Były agent i przyjaciel Lewandowskiego, a obecnie jego przeciwnik w sporze sądowym, nie gryzł się w język już w wywiadzie dla wiadomosci.goniec.pl, twierdząc, że kapitan naszej kadry narodowej miewał swego czasu poważne kłopoty, by znaleźć czas na spotkania ze sponsorami, a nawet na odwiedziny u własnej mamy. Tym bardziej wątpliwe zatem, aby miał czas na naukę i jeżdżenie do Łodzi na egzaminy.
Tym razem były piłkarz nie wahał się ani chwili, by oskarżyć Lewandowskiego o zwykłe tchórzostwo. - Jego reakcja, a raczej brak reakcji, utwierdza mnie w pewnym przekonaniu. Lewandowski, którego ja znam, jest tchórzem.
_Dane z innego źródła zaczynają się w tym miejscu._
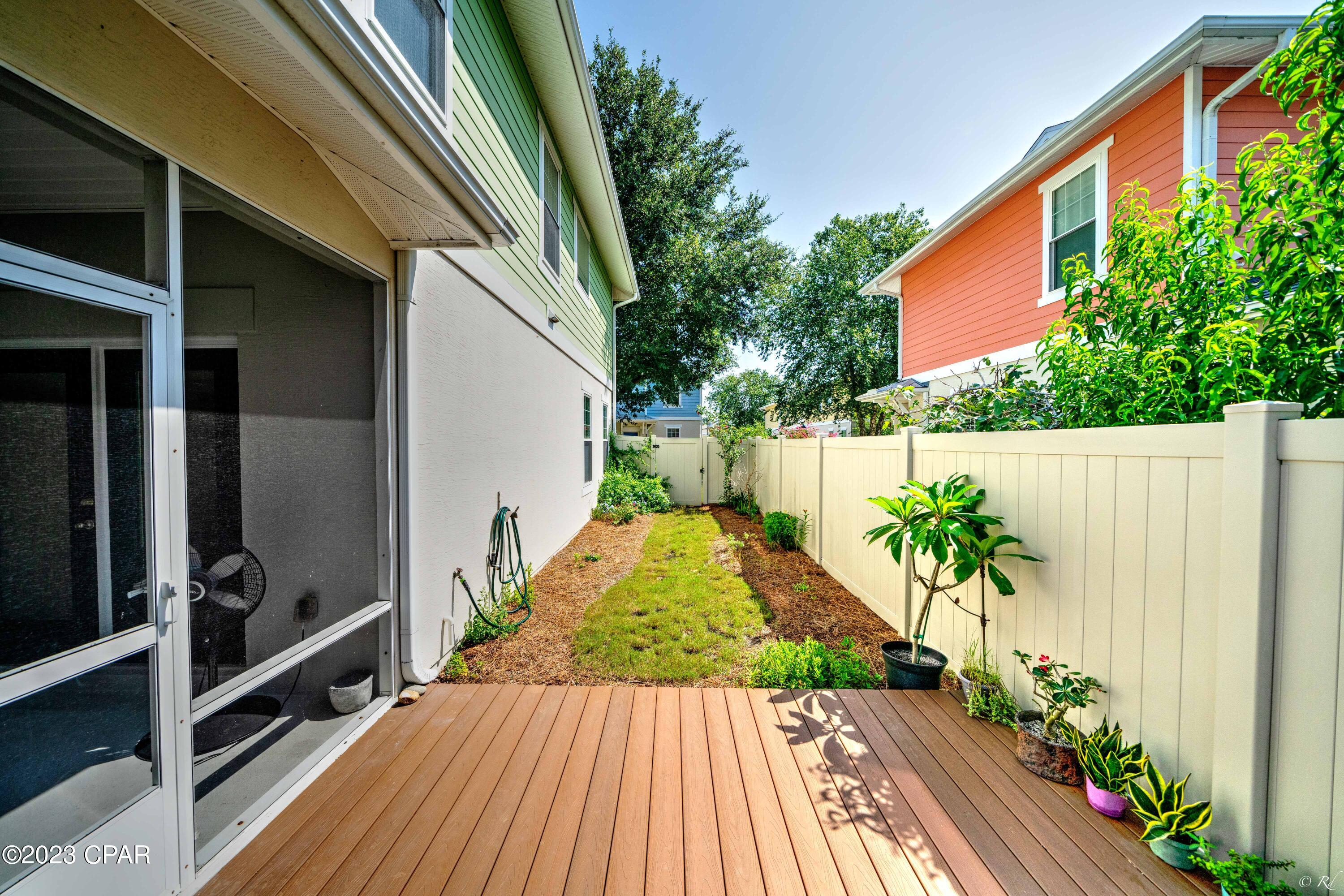 114 Sand Oak Boulevard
On nie zajął stanowiska w tej sprawie, wykręca się. Chce, żeby opinia publiczna o tym zapomniała, by nie było żadnego jego zdania. On nie wie tak naprawdę co teraz powiedzieć, bo nie wie, jak potoczy się śledztwo. Gdyby powiedział teraz prawdę, to przyznałby się do własnej kompromitacji - ostro ocenił Kucharski.
Marcin Torz zapytał go także m.in., po co jego zdaniem Lewandowskiemu to wszystko, to dodatkowe wykształcenie, skoro ma już niepodważalne tytuły licencjata i magistra na Wyższej Szkole Edukacji w Sporcie w Warszawie. Kucharski i tu nie szczędził napastnikowi ostrych słów. - Moja hipoteza jest taka, że ktoś mu to zaproponował za darmo lub za małe pieniądze. On to zrobił po pierwsze z próżności, bo chciał się popisywać na tle innych piłkarzy, a po drugie z lenistwa. Nie chciało mu się edukować we właściwy sposób. Jak go znam, to zakładałbym, że właśnie dlatego to wszystko - powiedział Kucharski.